Requirement> Write out, please, each line from the one containing "Used Toyota bZ5" to the final line of the data, both included, exactly and without pictures.

Data provided>
━━━━━━

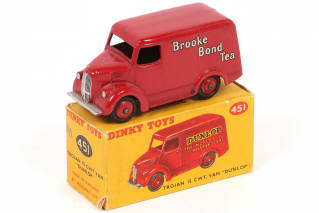Lot 56 - DINKY TOYS (GB) (1)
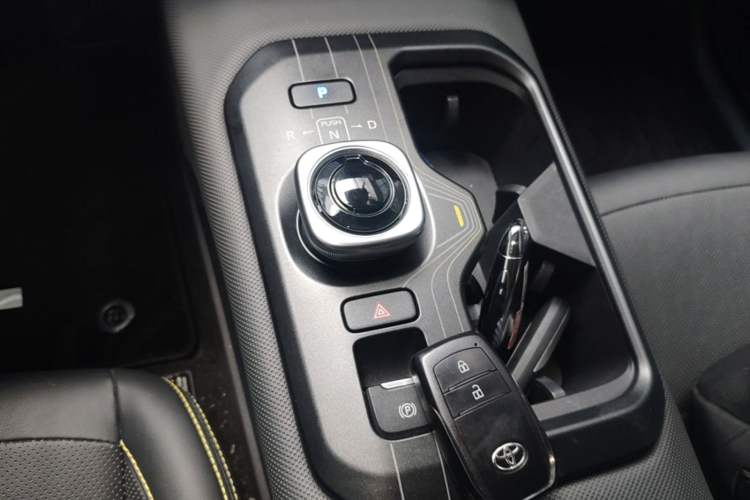 Used Toyota bZ5 2025 Model 550 PRO Smart Driving Edition Gear Lever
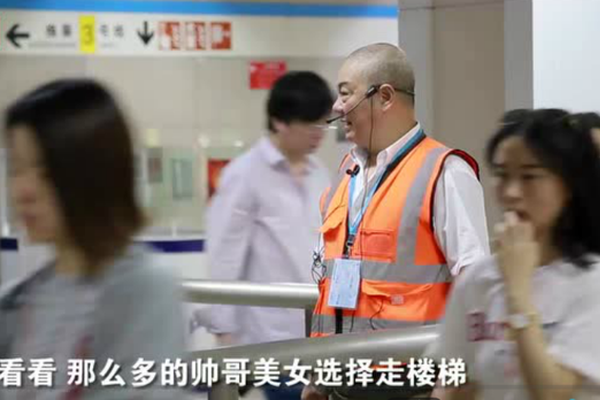 中國移動5元卡套餐介紹_為孩子辭職在家 丈夫卻另結(jié)新歡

━━━━━━

Written answer>
 Used Toyota bZ5 2025 Model 550 PRO Smart Driving Edition Gear Lever
 中國移動5元卡套餐介紹_為孩子辭職在家 丈夫卻另結(jié)新歡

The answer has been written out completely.